▶ **EXERCISE BRIEF**:
A faithful, word-for-word copy of the data below is required, without pictures.

▶ **GIVEN DATA**:
- - - -

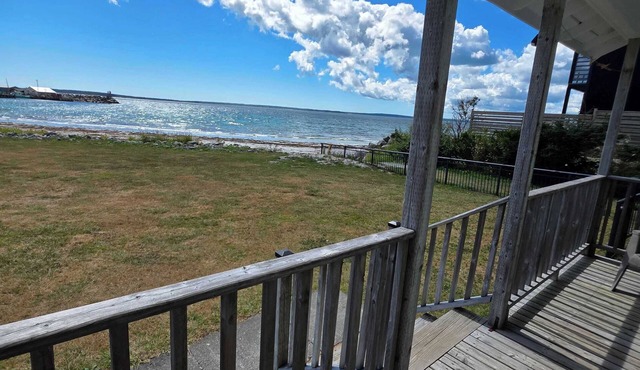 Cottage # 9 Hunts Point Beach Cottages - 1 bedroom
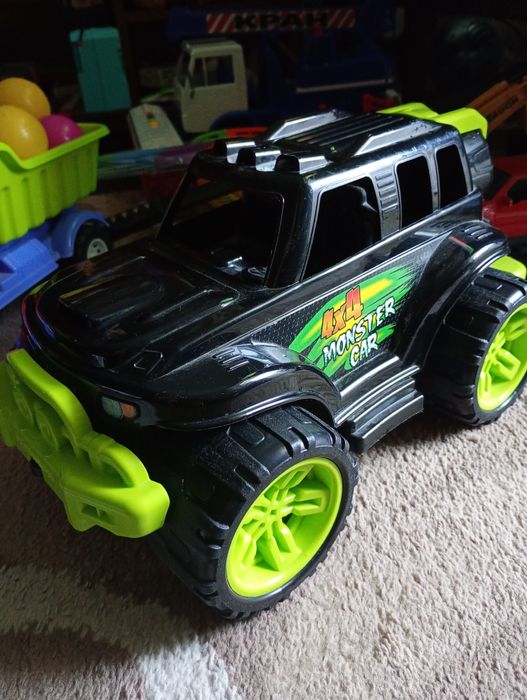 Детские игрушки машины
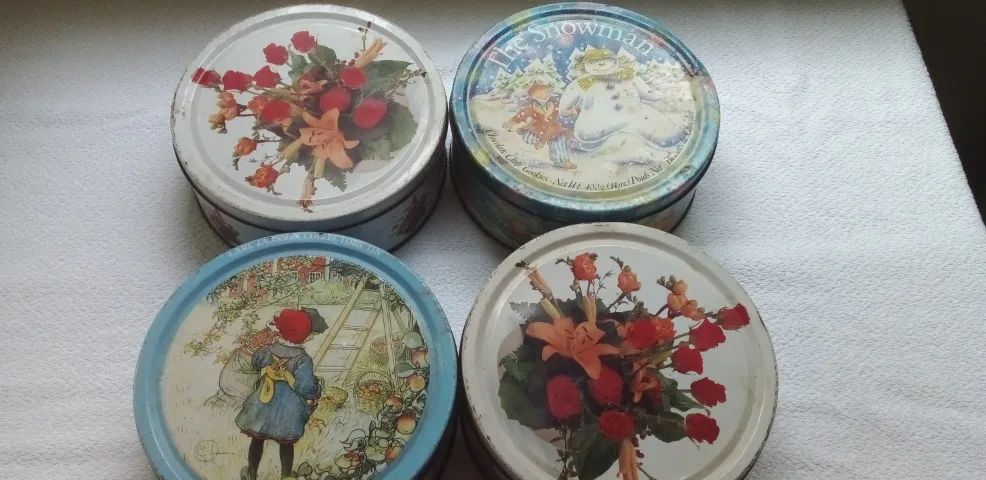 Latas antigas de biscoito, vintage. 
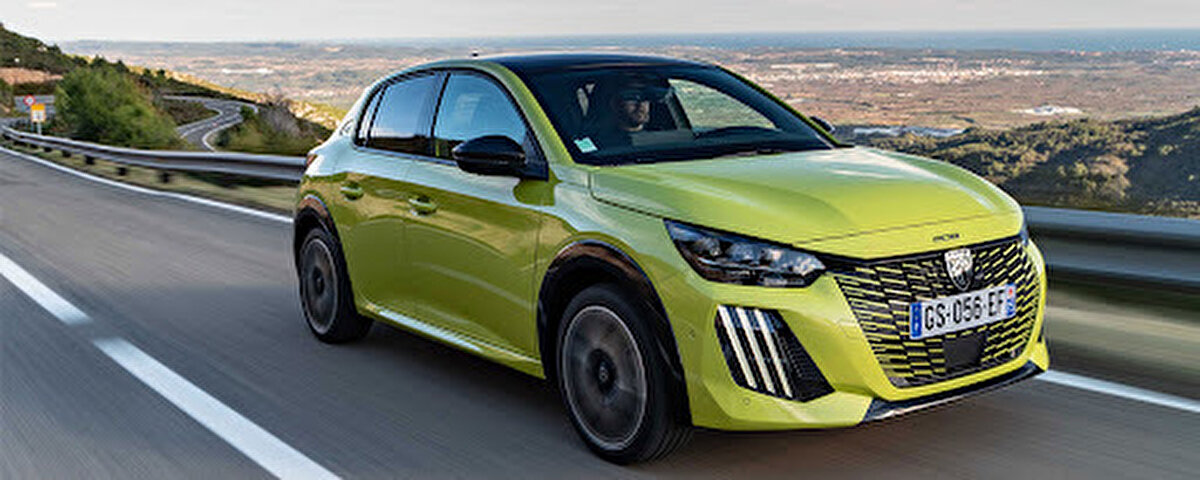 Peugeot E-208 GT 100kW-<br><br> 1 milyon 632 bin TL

- - - -

▶ **OUTPUT OF THE TASK**:
 Cottage # 9 Hunts Point Beach Cottages - 1 bedroom
 Детские игрушки машины
 Latas antigas de biscoito, vintage. 
 Peugeot E-208 GT 100kW-<br><br> 1 milyon 632 bin TL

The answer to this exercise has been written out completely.